EXERCISE DIRECTIONS: Task for the records below: copy exactly from the first line on, stopping once the line with "Infantino baby carrier" is copied, and leave out the pictures.

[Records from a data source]
╔══

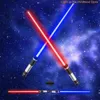 2 PCS New Telescopic Lightsaber Toys Spada splendente Cosplay Illuminazione Musica Star Laser Giocattoli Spade Giocattoli per bambini Ragazzi Y1123230Y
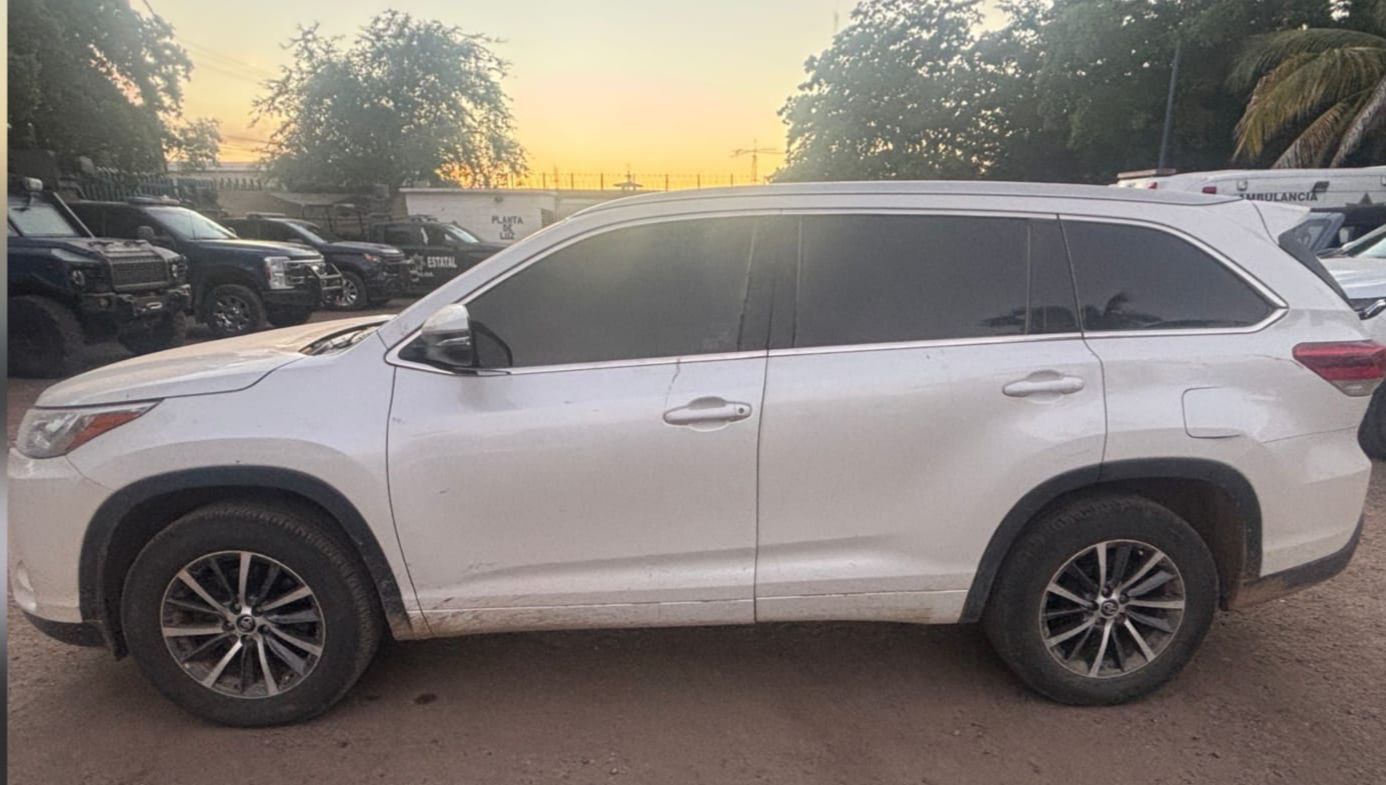 Vehículo asegurado tras operativo en Jesús María, Culiacán, Sin.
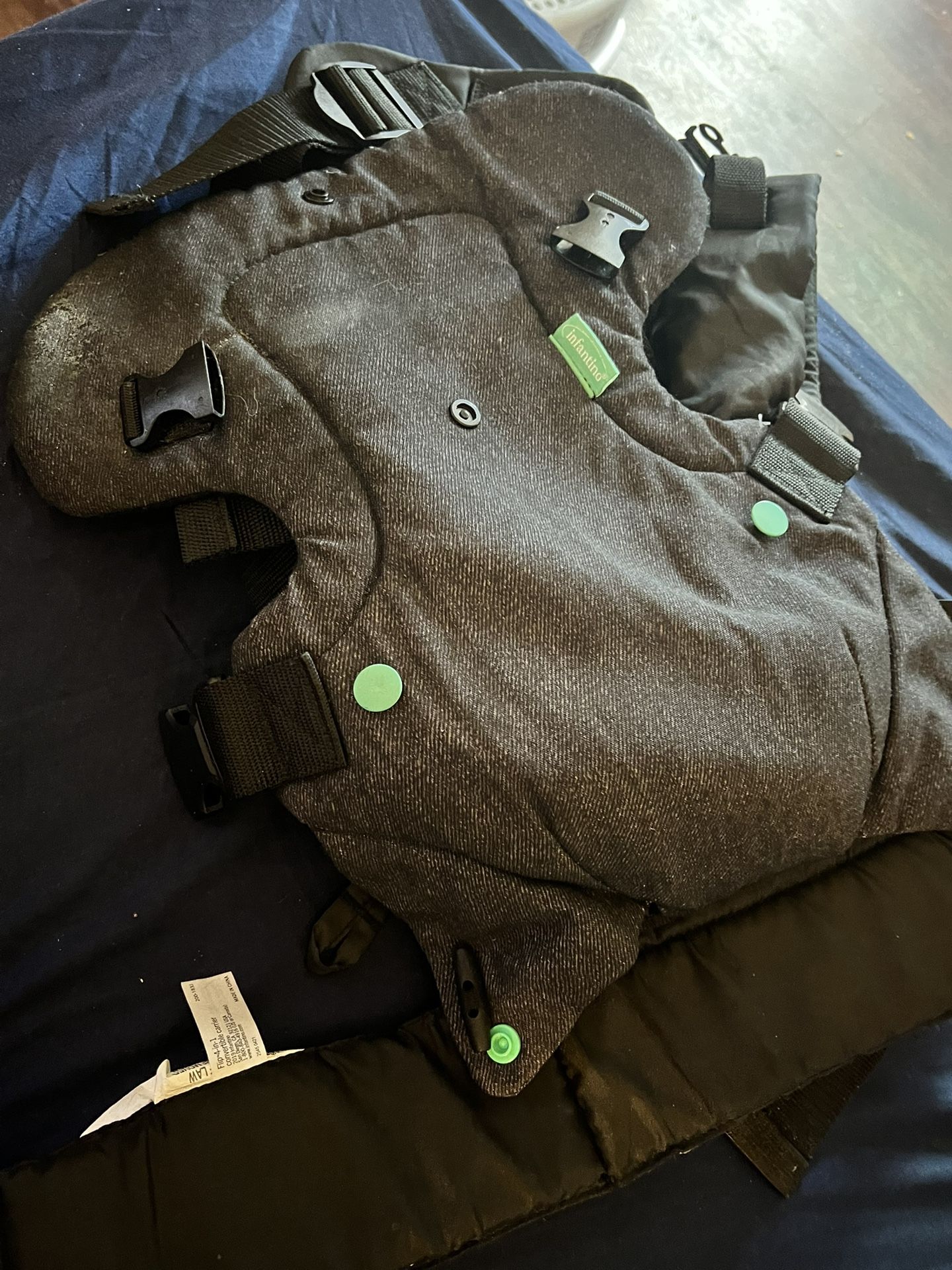 Infantino baby carrier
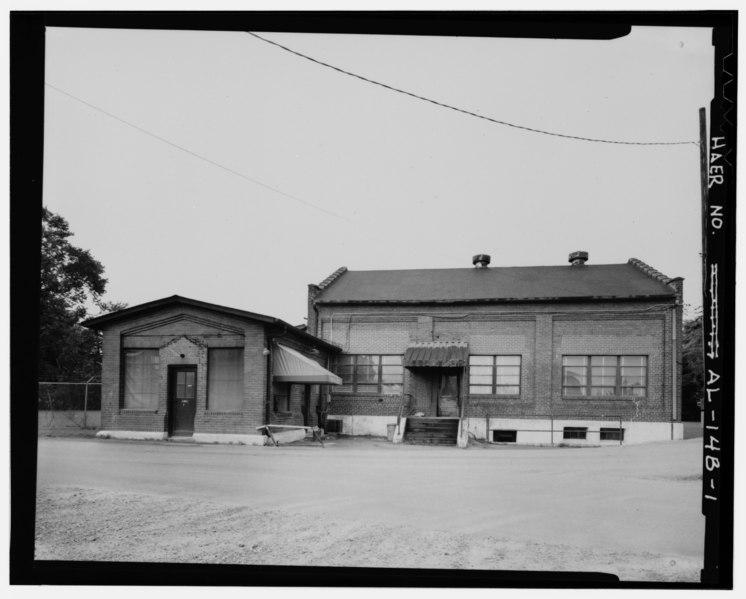 File:EXTERIOR WEST. - Thomas By-Product Coke Works, Gatehouse and Weigh Station, 1200 Tenth Street West, Thomas, Jefferson County, AL HAER ALA,37-THOS,6B-1.tif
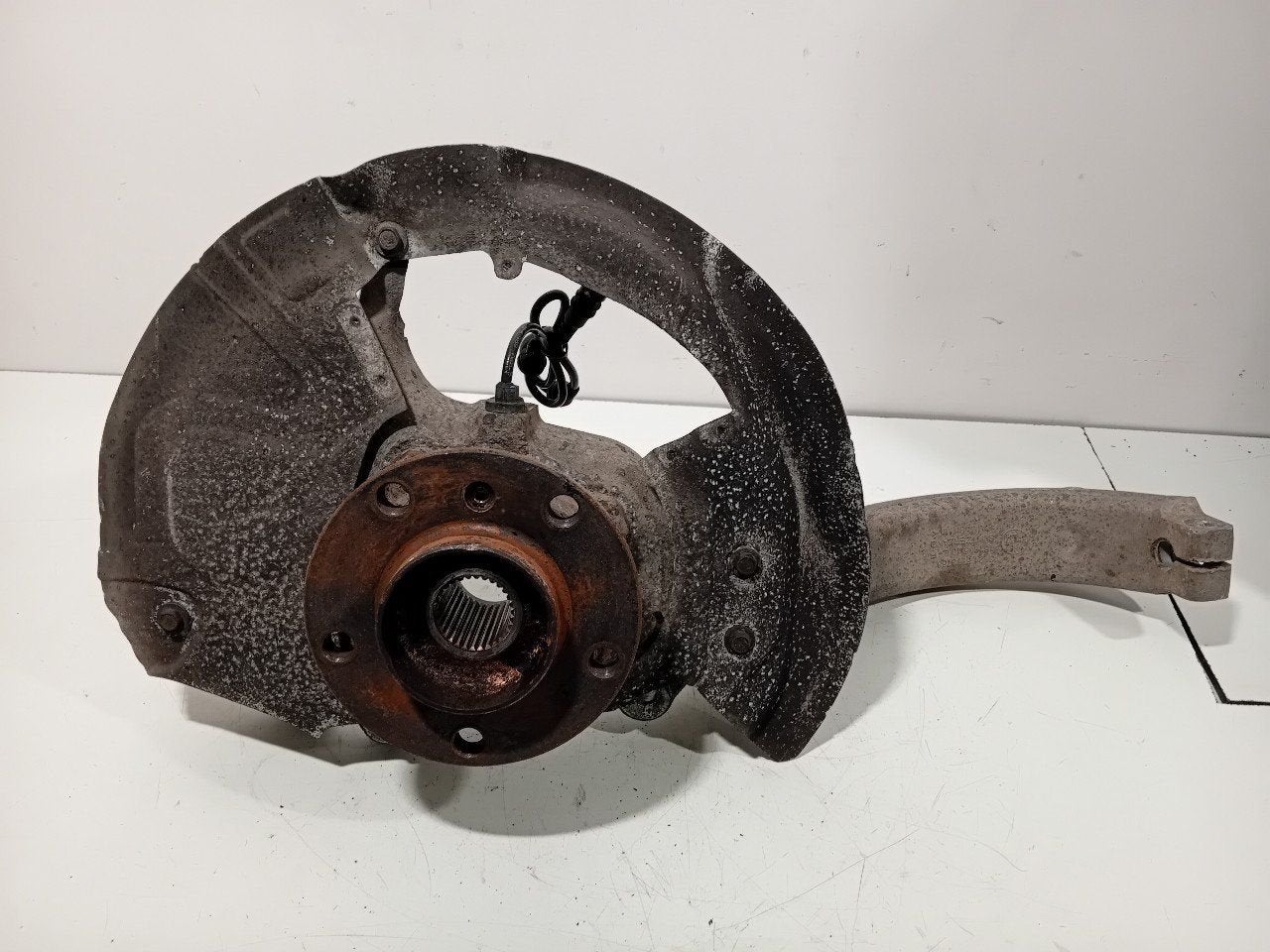 Wielnaaf links voor BMW X5, Onderdelen@venauto.nl, Van der Ven Autorecycling B.V., Gebruikt, Ettenseweg 76, 4706 PB Roosendaal, The Netherlands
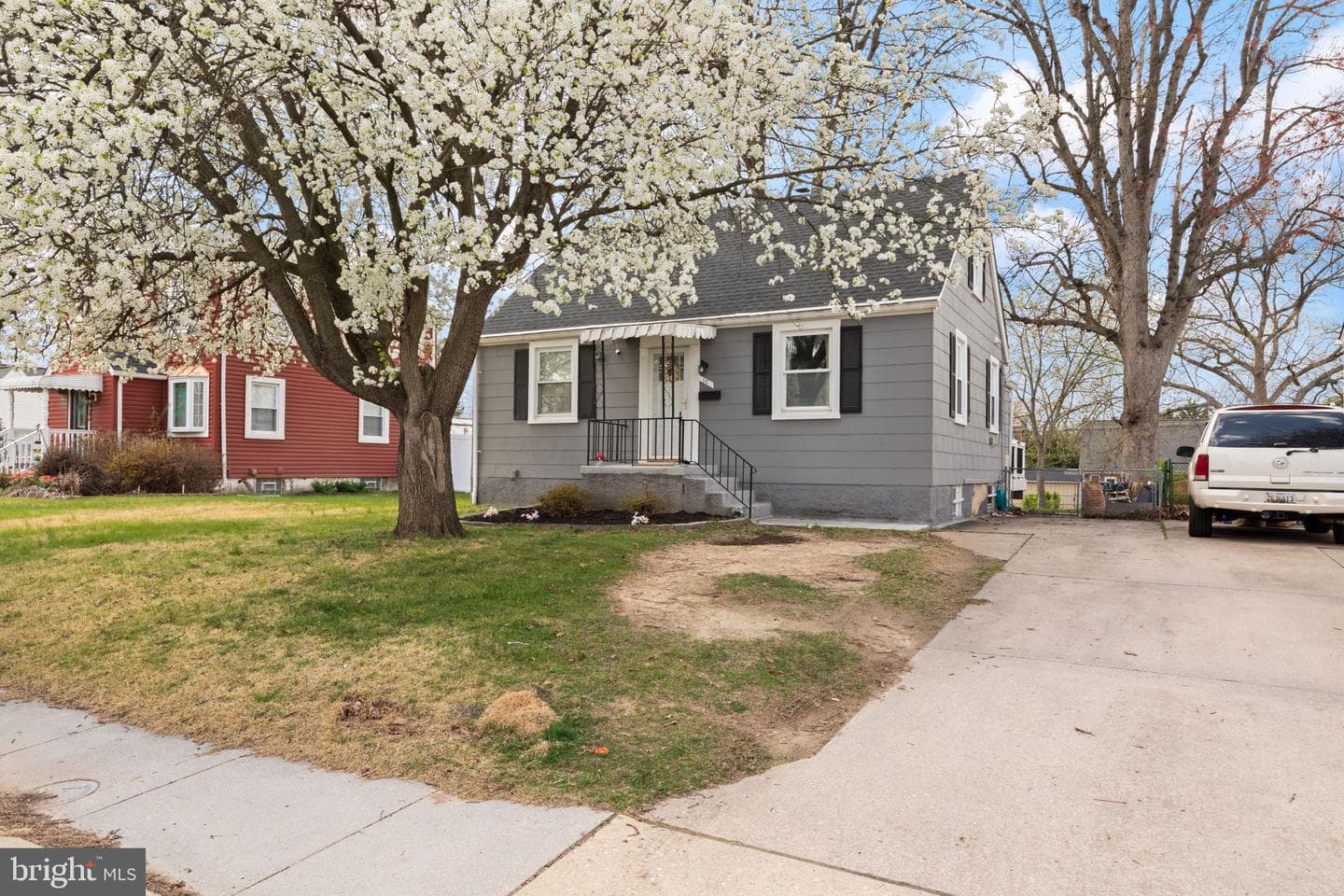 12 Elinor Avenue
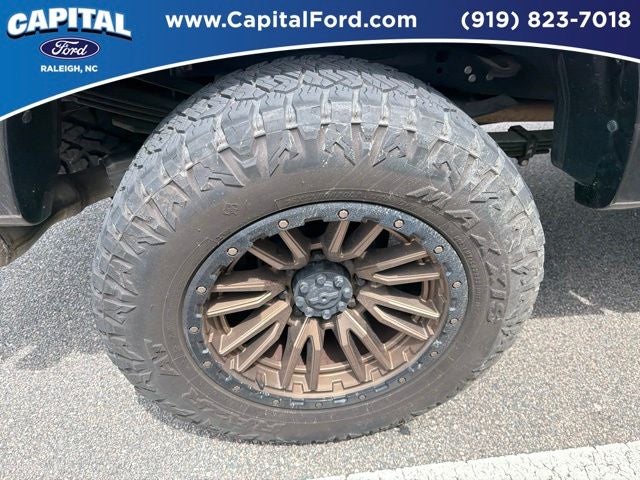 2022 Ford F-350SD Lariat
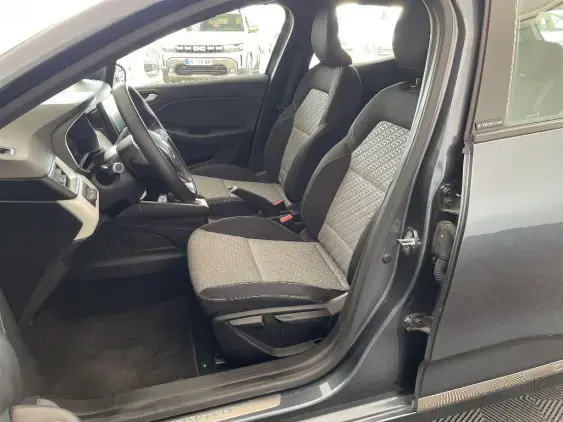 RENAULT CLIO V - voiture d'occasion - Photo 17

╚══

RESPONSE TO THIS EXERCISE:
 2 PCS New Telescopic Lightsaber Toys Spada splendente Cosplay Illuminazione Musica Star Laser Giocattoli Spade Giocattoli per bambini Ragazzi Y1123230Y
 Vehículo asegurado tras operativo en Jesús María, Culiacán, Sin.
 Infantino baby carrier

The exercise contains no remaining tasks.